Reviews
"For her debut monograph, Lori Vrba has created a testament to her early introduction into photography as well as a memoir of youth and nature in The Moth Wing Diaries. Growing up in the nature of Southeast Texas, Vrba has translated her childhood memories in nature into 52 images. Upon opening the book, you are greeted with the most delicate of papers, translucent and light to the touch, with veins that will remind you of a moth’s wing.
Vrba describes the collection,
“It is a visual diary of my grown up, conflicted, complicated, rich, womanly, Mother Nature-loving life.”

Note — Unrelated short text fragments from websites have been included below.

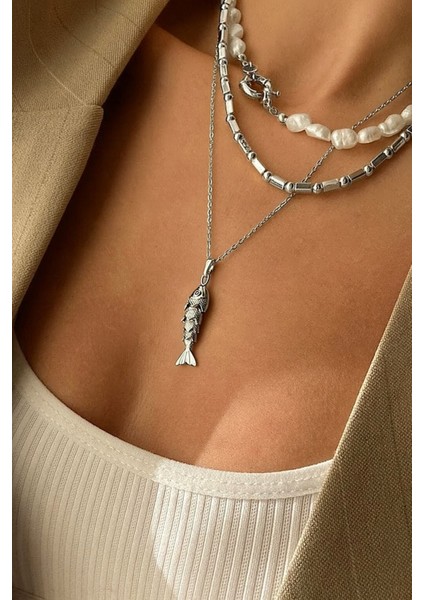 Kuyruğu Sallanan Balık Kolye Kararmaz Gümüş Kadın Çelik Kolye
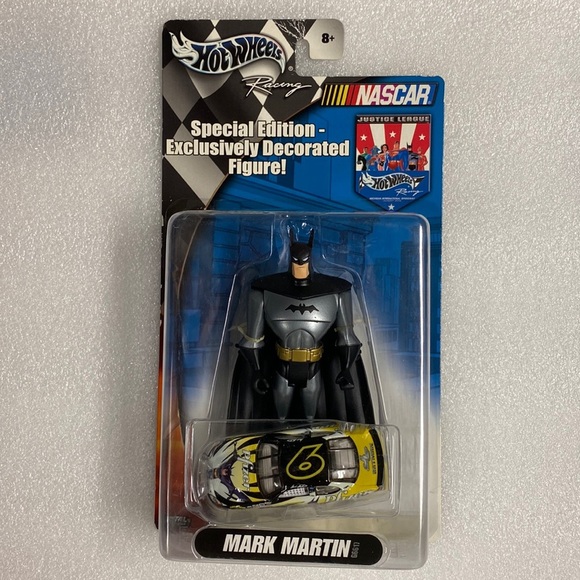 Hot Wheels Racing NASCAR Mark Martin Justice League Batman Car & Figure NEW - Picture 1 of 8
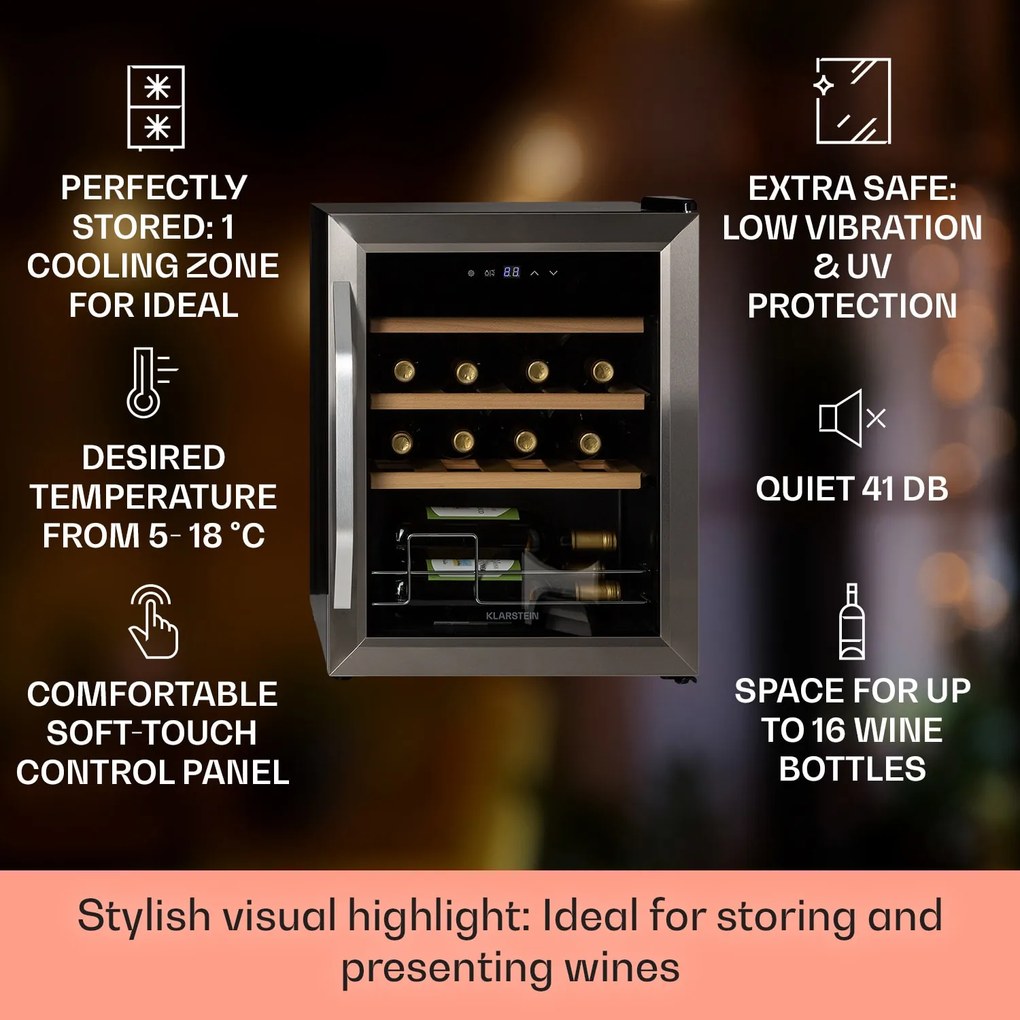 Vinamour 16 Uno, Frigider pentru vin, 16 sticle /42l, 5-18°C, 41 dB, sticlă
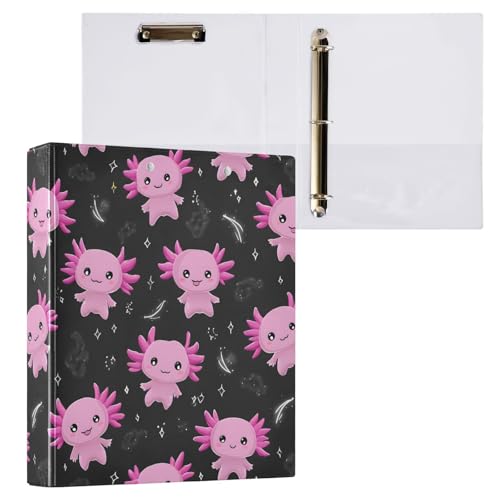 Reiacy Axolotls Ringbuch mit 3 Ringen, A4, mit Clip, hält 200 Blatt, großer D-Ring-Aktenordner für Zuhause, Schule, Bürobedarf von Reiacy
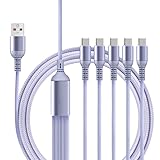 LTG スマホ ケーブル A-TO-C Type-C 長さ5m 1.6m NEK 6A SPEED 急速 充電器 ライトニング Micro-USB スマホアクセサリー 7986755 (ライトパープル, 5type-C(1.6m))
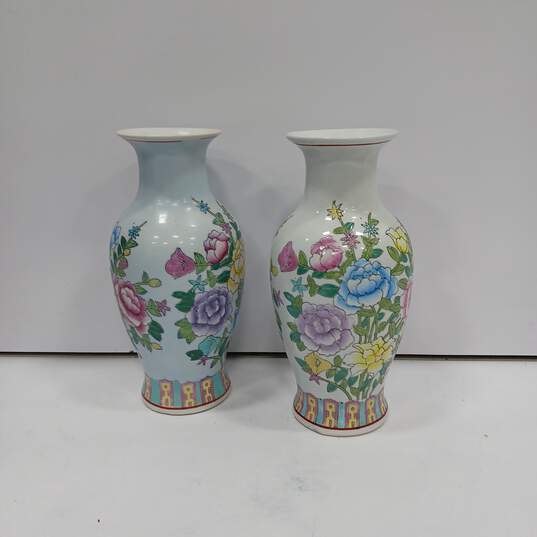 Pair of Floral Porcelain Vases image number 2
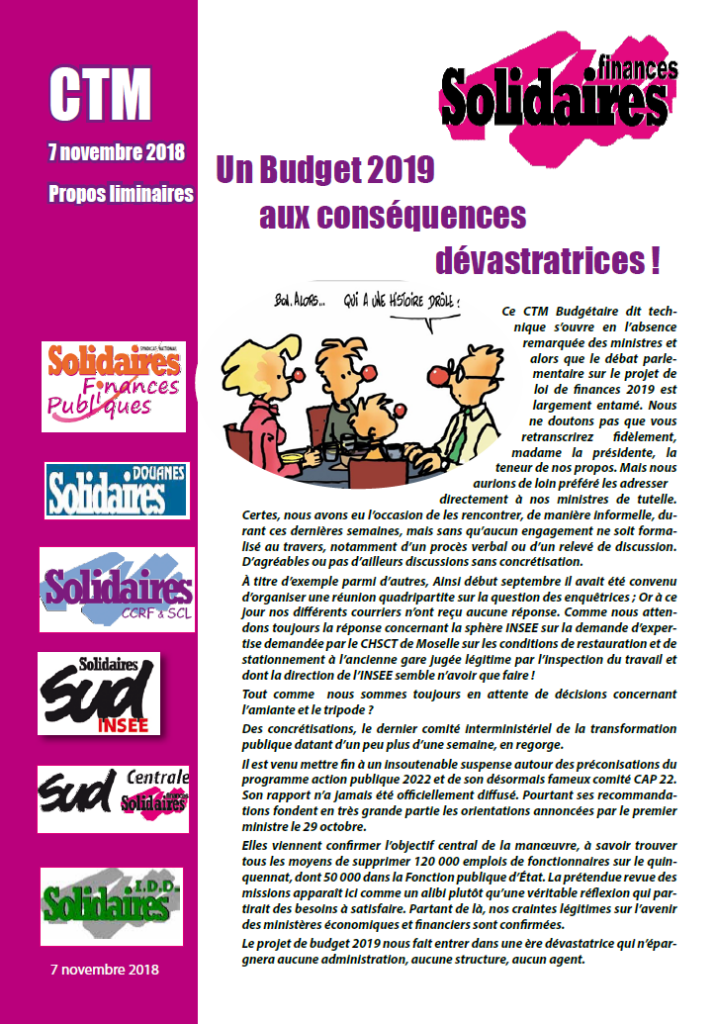 CTM 7 novembre : Un budget aux effets dévastateurs  !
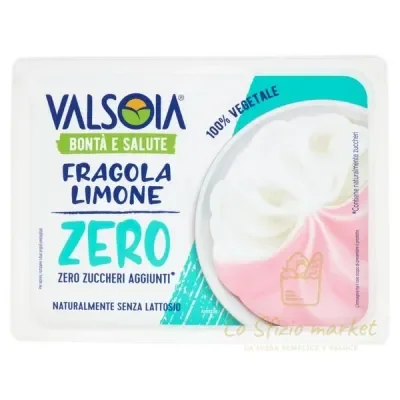 VALSOIA STRAWBERRY AND LEMON ZERO SUGAR VEGETABLE GELATO 400G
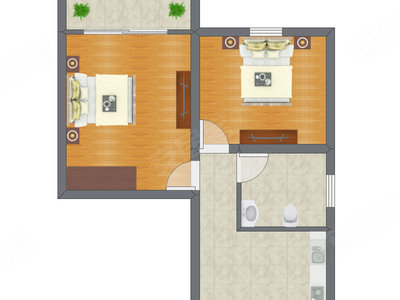 2室1厅 42.83平米
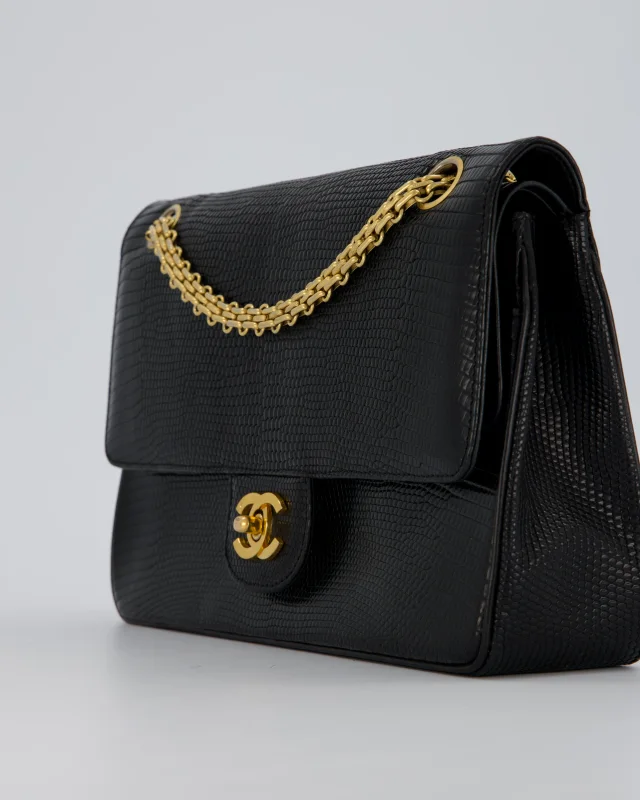 Chanel Vintage Medium Classic Flap Bag in Black Lizard from Sellier, photo 11 of 20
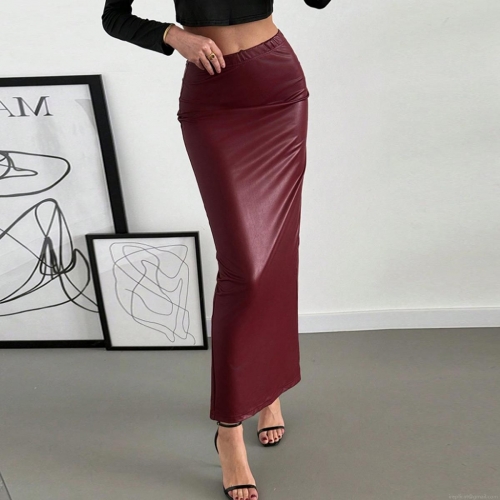 Women's High Waist Faux Leather Maxi Skirt Slim Fit Back Slit PU Leather Long Straight Skirt Vintage Streetwear Wine Red Pencil Skirt Casual Party Wear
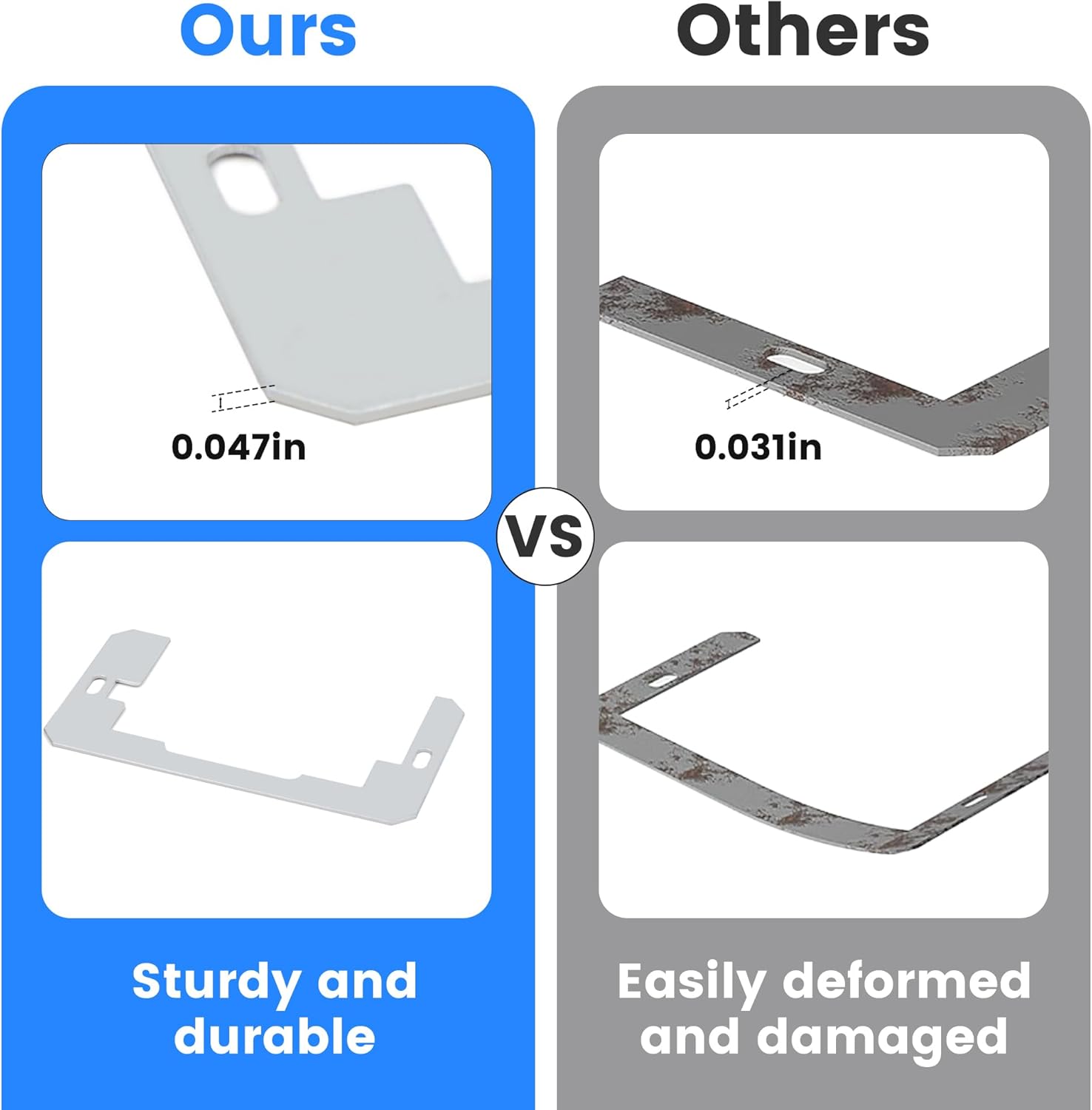 10 Pack Wall Plate Spacer for Electrical Outlets, Metal Outlet Spacer Shims to Fix Loose, Recessed or Crooked Outlets and Switches, Galvanized Steel for Flush Wall Installation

Each image was taken with film on a medium-format camera and developed in the darkroom, producing a rich sepia-tone that plays with your sense of memory. Vrba takes a medium that is as timeless and delicate as the subject matter she portrays. These are stories of memory, youth, wonder, mystery, and magic.
She describes her inspiration,
“I am inspired by moments that hold contradictions… like a big lightning storm that is really uncomfortable and really beautiful at exactly the same time.”
As I was born and raised in the city, Vrba’s images took me to a place I had never been before but was oddly familiar with – a childhood built in nature where exploration is the daily routine and dreams are as necessary as air. She has imbued every image with a sense of innocence, wonder, and timeless magic while reminding you of the vulnerability of childhood and growing up.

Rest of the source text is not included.